Sewage in water – growing public health problem

One of the greatest public health triumphs of the last 200 years was separating human faeces from drinking water. People now take this for granted but it was the basis for preventing cholera, typhoid and other bacterial and viral diarrhoeal diseases that killed millions in major epidemics. Largely achieved through remarkable feats of engineering over two centuries, only vaccination matches it as a public health intervention for preventing infectious diseases. When bacteria from human faeces (coliforms) are ingested, it increases the risk of significant infections including antibiotic resistant bacteria. Keeping human faeces out of water people might ingest remains a public health priority.

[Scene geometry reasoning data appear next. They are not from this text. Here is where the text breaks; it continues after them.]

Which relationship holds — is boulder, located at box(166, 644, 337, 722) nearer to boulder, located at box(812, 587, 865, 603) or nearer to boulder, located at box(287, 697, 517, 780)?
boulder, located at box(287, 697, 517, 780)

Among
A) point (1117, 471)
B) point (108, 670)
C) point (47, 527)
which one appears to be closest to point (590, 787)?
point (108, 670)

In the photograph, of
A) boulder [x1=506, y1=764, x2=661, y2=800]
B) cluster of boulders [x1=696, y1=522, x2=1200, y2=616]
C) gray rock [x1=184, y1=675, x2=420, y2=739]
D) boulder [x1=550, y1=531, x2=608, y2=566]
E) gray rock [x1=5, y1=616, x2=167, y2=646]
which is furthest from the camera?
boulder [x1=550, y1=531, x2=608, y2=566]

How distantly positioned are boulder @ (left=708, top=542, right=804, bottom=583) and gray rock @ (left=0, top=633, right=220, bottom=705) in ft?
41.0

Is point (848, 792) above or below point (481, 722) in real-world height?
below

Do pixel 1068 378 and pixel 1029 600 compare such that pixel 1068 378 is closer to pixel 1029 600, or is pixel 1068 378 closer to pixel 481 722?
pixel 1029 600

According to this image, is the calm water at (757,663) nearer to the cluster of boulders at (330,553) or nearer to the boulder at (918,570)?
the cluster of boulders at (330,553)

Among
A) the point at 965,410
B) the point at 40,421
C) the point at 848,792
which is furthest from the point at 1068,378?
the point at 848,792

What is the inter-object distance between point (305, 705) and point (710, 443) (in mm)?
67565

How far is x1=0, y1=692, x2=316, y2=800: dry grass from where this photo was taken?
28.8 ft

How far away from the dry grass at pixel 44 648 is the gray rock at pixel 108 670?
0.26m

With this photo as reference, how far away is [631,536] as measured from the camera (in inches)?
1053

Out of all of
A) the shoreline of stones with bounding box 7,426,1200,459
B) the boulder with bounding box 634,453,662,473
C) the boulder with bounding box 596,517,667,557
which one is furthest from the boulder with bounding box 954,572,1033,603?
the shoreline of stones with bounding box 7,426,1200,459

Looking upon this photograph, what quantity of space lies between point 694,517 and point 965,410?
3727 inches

Tap water in the UK is safe. No-one expects river water to be of drinking standard, but where people swim or children play they should not expect significant doses of human coliforms if they ingest water. Raw sewage from storm overflows and continuous discharge of waste containing viable organisms from sewage treatment works is an increasing problem. This is a serious public health issue for government and regulators and it is clear that the water companies are not doing enough. The public health dangers are in addition to the ecological and environmental impact which forms the basis for much regulation.

Use of our rivers for recreation and exercise is something to celebrate and encourage. Children have always played in waterways and always will, irrespective of what notices are put up next to them. People of all ages use freshwater waterways such as rivers for recreation including swimming and various forms of boating. During lockdown many people took to swimming in rivers and have continued since. Our rivers, seas and waterways should therefore be free from sewage to reduce risk to the public. There are two major issues to tackle. Both have solutions.

The first is raw sewage discharge from the sewage network and in particular storm overflows. As the name implies this should be an exceptionally rare. The engineering logic of storm overflows is that if the sewerage system is at risk of being overwhelmed by storms or atypically intense rain, sewers get too full and can back up into homes or overflow into streets. To prevent that, storm overflows act as a safety release valve, but were intended only for exceptional circumstances when the public would be unlikely to be using rivers.

After the Environment Agency required the water industry to install monitors on overflows, data shows that their use is now not exceptional. In some cases, up to 200 discharges a year are occurring. This is obviously unacceptable on public health grounds. Whilst zero discharges are technically achievable the cost of this may not be justified; to reduce the frequency down to genuine storms should however be a minimum expectation. It certainly is the expectation of the great majority of the public, including those who do not themselves use rivers recreationally as measured by polling data. Nobody wants a child to ingest human faeces.

There are solutions to getting storm overflows back to only functioning only in very high rainfall conditions. These involve better operational management, innovation and investment. This this is rightly seen as the job of water companies. As a start, four have recently agreed to reduce their overflows to an average of no more than 20 discharges a year by 2025- but we need to go much further and Ofwat and the Environment Agency will hold companies to account for this delivery.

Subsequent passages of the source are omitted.